Kale Boucher
Are you a boy or a girl? Why are you ashamed of your body? What do you expect people to think? You don’t want to be a man? Why doesn’t your girlfriend just date a dude? It’s just the way it is.
Keagan Anfuso, a woman and creator who just happens to feel comfortable rocking loose fitting clothes and a “boyish” haircut, copied these quotes from memory onto index cards. In preparation to pitch their film, co-director Drew Brown suggested Keagan write down all the comments she could remember: anything funny, hurtful, or outright confusing someone has said to her about her gender or appearance. She passed these index cards to Drew, who taped them to the office walls. Card by card, blank space filled with words Keagan herself was unaware she’d held onto, words said to her by family, friends, strangers, and, reading the cards back they realized, Drew himself.

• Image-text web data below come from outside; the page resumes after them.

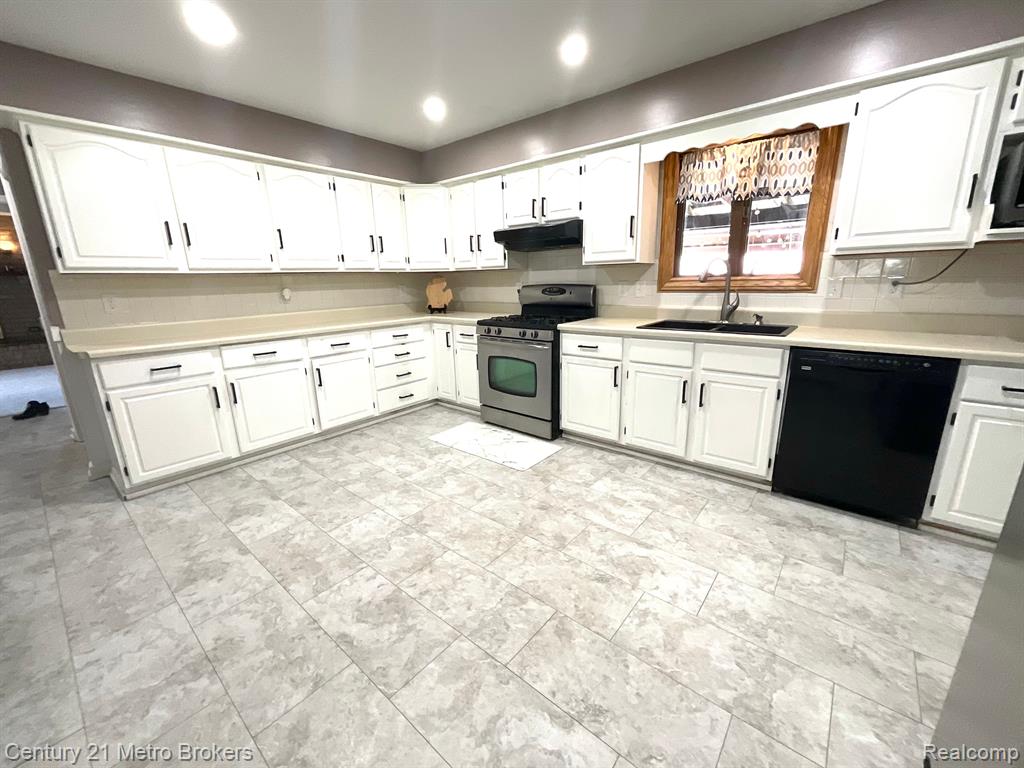 46444 WEAR Road, Belleville, MI 48111 — Photo 8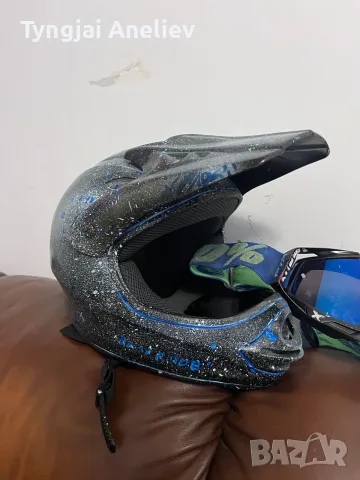 Продавам кросова каска, снимка 7 - Спортна екипировка - 56611314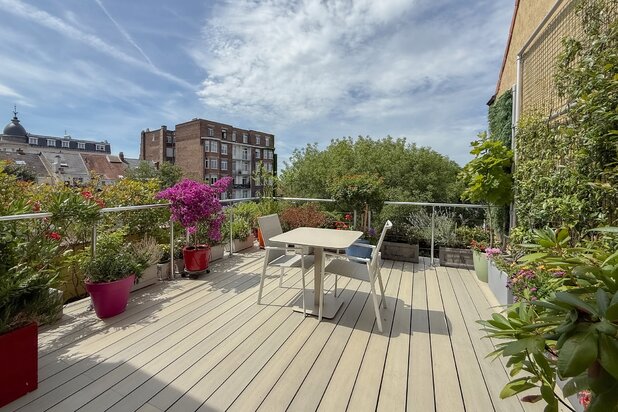 Place Brugmann, prachtig gerenoveerd triplex met terras.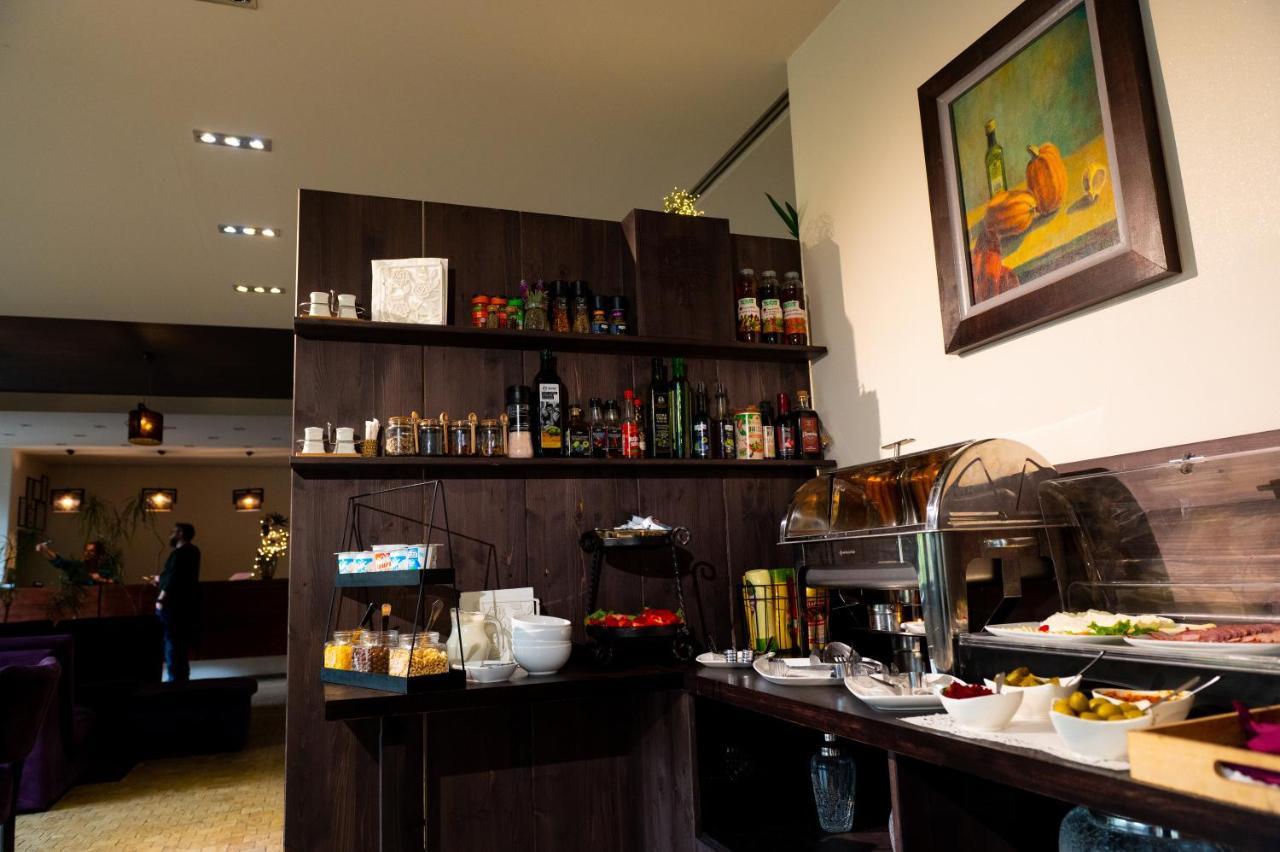 Pensiunea Greenhill Pensiune 4*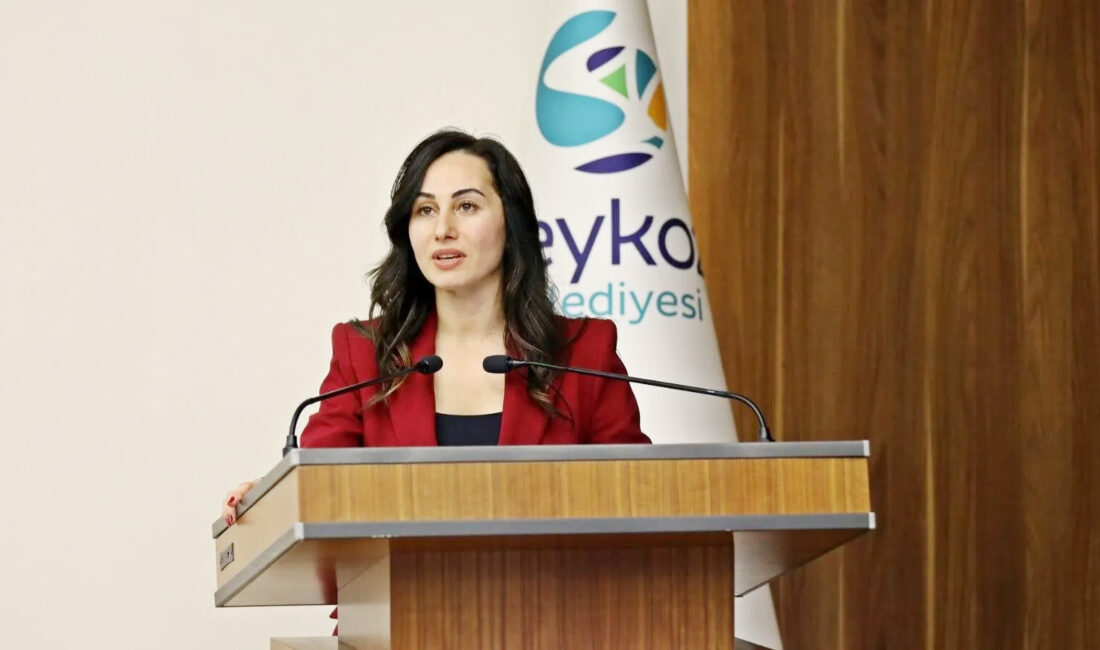 Gürzel, yangının ardından sosyal medya hesabından yaptığı paylaşımda,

“Oh my god. I’m the person who said this to you. I thought it was a compliment.”
It was in this office, confronted visually with others’ judgement and misunderstanding of her, Keagan felt the weight of what she was setting out to create, felt that she and Drew were doing something important.
Over the next five days Keagan and Drew pitched their film, The Grey Area, at One Spark, a since discontinued local idea festival for creators. Their film would be about Keagan’s experiences as a woman who rejects the gendered expectations placed upon her.
Attendees listened to Keagan’s past: how she was reprimanded, bullied by classmates, and constantly met with aggression for dressing in what feels comfortable to her. In these stories, they saw themselves and the ways in which fear of judgement or even safety led them to change themselves. As the festival progressed, The Grey Area crowd grew, ultimately winning the pitchfest as the jury’s award selection for the art category.
That was in 2015. The film, seven years in the making, had its first showing recently at the Jacksonville Film Festival, where it took home Best Short Documentary. Good things take time. And good things take good people wanting to make them happen. Without the Jacksonville community, Keagan says “I don’t think we could’ve made this film what it is.” Some volunteered money, the local film community volunteered their time and expertise, and businesses volunteered their spaces and sustenance. Without any of which, the film wouldn’t have been made.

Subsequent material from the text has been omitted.